Patients with acromegaly are at moderately increased risk of developing colorectal cancer and may be considered for screening colonoscopy. In turn, large bowel dimensions may be increased in these patients, factors that predict for increased risk of serious complications such as perforation. Objective 

To evaluate this risk potential, we measured large bowel length and loop complexity using magnetic endoscopic imaging (MEI).

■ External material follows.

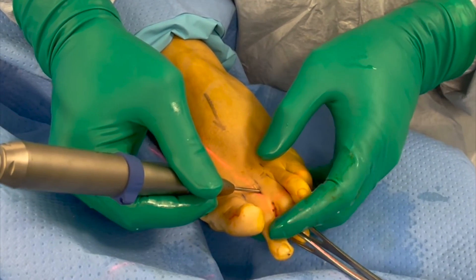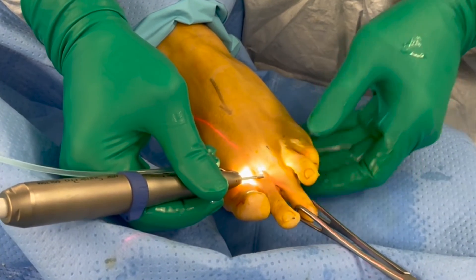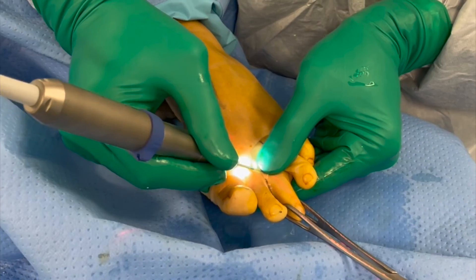The technique can also be applied to the other lesser toes, as demonstrated here on the third toe. The principles of the osteotomy when applied to the other lesser toes are the same as when applied to the second toe.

Design 

Case–control study in 25 unselected patients with acromegaly (mean age 56 years) vs. 41 nonacromegalic controls (mean age 60 years) undergoing screening colonoscopy. Measurements 

MEI parameters were determined and age- and sex-adjusted mean differences calculated. The dependency of total large bowel length on various demographic and disease-related factors (e.g. GH exposure, IGF-I and IGFBP-3 concentrations) was assessed using regression techniques. Results 

Total large bowel length was increased by 20%[95% confidence interval (CI) 9–31%] in patients with acromegaly compared with controls (unadjusted and adjusted; P-values < 0·001). Acromegaly was also associated with increased time taken to reach the caecum (P = 0·01) and increased pelvic loop complexities (5/25 vs. 1/41, Fisher's exact test: P = 0·03). Total large bowel length was predicted by age at colonoscopy (P = 0·003) and patient height (P = 0·03), but not by surrogate biochemical markers of disease activity. Conclusions 

Acromegaly is associated with increased large bowel length and loop complexity making colonoscopy technically challenging, and theoretically increasing the risk of serious complications. Patients need to be counselled accordingly, and appropriate resources with experienced staff allocated.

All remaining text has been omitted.